(Collected data entries)
Segment Open

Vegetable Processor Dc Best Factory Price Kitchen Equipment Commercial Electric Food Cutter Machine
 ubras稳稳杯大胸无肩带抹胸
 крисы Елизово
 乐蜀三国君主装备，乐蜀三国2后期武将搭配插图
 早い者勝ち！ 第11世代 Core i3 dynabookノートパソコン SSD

Segment Closed

- Activity -
Your response must consist of every line above, reproduced exactly.

- Task output -
Vegetable Processor Dc Best Factory Price Kitchen Equipment Commercial Electric Food Cutter Machine
 ubras稳稳杯大胸无肩带抹胸
 крисы Елизово
 乐蜀三国君主装备，乐蜀三国2后期武将搭配插图
 早い者勝ち！ 第11世代 Core i3 dynabookノートパソコン SSD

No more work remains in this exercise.